Swiss reserves jumped an incredible CHF 59B ($61B) in June. The only question in my mind is, “How long can this last?” Switzerland can't increase reserves on an unlimited basis; they can't absorb Euro60B a month.
The current boss at the Swiss National Bank (SNB), Thomas Jordan is responsible for the Peg policy that is behind the unwanted reserve creation. It's important to remember that Jordon is relatively new to the job. He stumbled into the hot seat when the former head of the SNB, Philippe Hildebrand's wife got nailed trading currency when she shouldn't have been.
Jordan is a well-educated technocrat who is also an old hand at the SNB. He inherited the currency peg policy from Hildebrand, but history will mark his name in the books if the policy fails. I'm sure that Jordon is aware of this. What's his state of mind?
Jordan doesn't have the full support of the government behind him. The same domestic politics that successfully dumped Hildebrand are working against Jordon.
If Switzerland is to maintain the current 1.2000 peg to the Euro, there has to be something more in the offing. The endless intervention is not going to work. The FX market is much bigger than the capacity of the SNB. The only option left for Jordon is exchange controls and a complete shutdown of the Swiss border. Jordon has hinted that these steps are coming on several occasion in the past month.
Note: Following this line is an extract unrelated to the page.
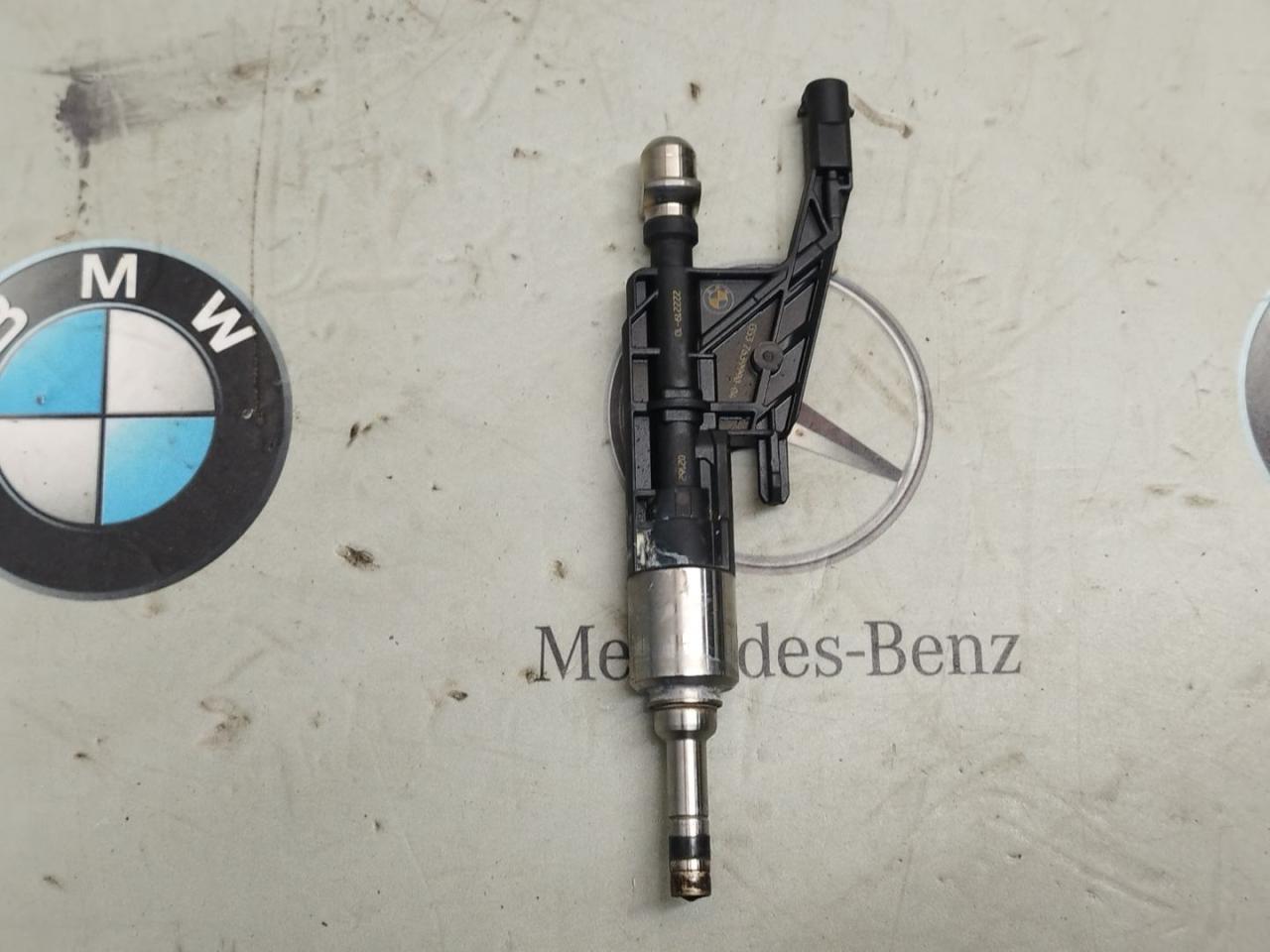форсунка BMW 2 серия Active Tourer F45 2015, 2.0 л., B48 A20 A, бензин, 7639990 - фото №1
When Switzerland adopts exchange controls, the rest of Europe will soon follow. What will be the global market response from these measures? It will scare the crap out of capital. I think exchange controls will bring a panic; there is no safe place to hide in a panic. The possibility of this happening is not in the price of assets today.
I jumped on the short EURUSD ship last Friday (link). A gain of nearly four big figures in a week would normally have me taking the quick leveraged profits. Actually, I doubled down.
To my old eyes there was something different in the Euro trading on the week. What was missing was a “bid”.
The relative stability of the FX market (particularly the EURUSD) has been a mystery for me the past year or so. It's as if there has been an invisible hand in the market, quietly intervening at critical times. This type of “official guidance” would explain the range trading and low volatility. I have given credit to the BIS for this activity in the past, although there is no confirmation of that.
Last week the FX market appeared to be missing that support (from whomever). We raced down from Monday through Friday, and ending up at the lows of the year. To me, it looks like a run to 1.200 is in the cards. The question is, "What happens when that magic number is achieved"? There is very little technical support under EURUSD 1.200. It looks like it is all “air” below that level:
While the idea of the EURUSD at parity is not news to my readers, I don't think this possibility is in the "mind" of the market today. A big down move EURUSD move would crush the S&P.
Last Sunday there was some euphoria in the markets and press over the EU Summit. The source of that optimism was an agreement to recapitalize Spanish banks in a fashion that did not add to the debt burden of Spain. The deep thinkers in Brussels lead us to believe that the money for Spain's banks was coming from the ESM or EFSF. That there would be a “true” transfer of risk out of the country.
Unfortunately, those technocrats lied to us a week ago. Seven days later we find that there is no transfer of risk at all.
Not only will Spain be on the hook for any investments made in Spanish banks by either the EFSF or ESM (via a state guarantee), but the actual guarantee has been structured such that the liability will not be recorded on Spain's books as a debt.
The question of whether the Spanish bank bailout subordinates existing bond holders has now been answered. The bondholder are sitting in the back of the bus. And they wont like being there.
Do those technocrats think the markets are stupid, and won't notice this sham?
As it turns out, the much-touted Spanish bailout is more of the same crap we have been seeing from the EU leaders for the past two years. They are unable to realize a loss, their only response is to kick the same can a bit father down the road.
I'm surprised that the change in terms for Spain's bank bailout has not gotten more attention in the press this weekend. I think it will be a topic of conversation next week.
If I'm right, the Europe story goes to Red Alert status for the balance of the month. Once again, I don't think this is “priced in”.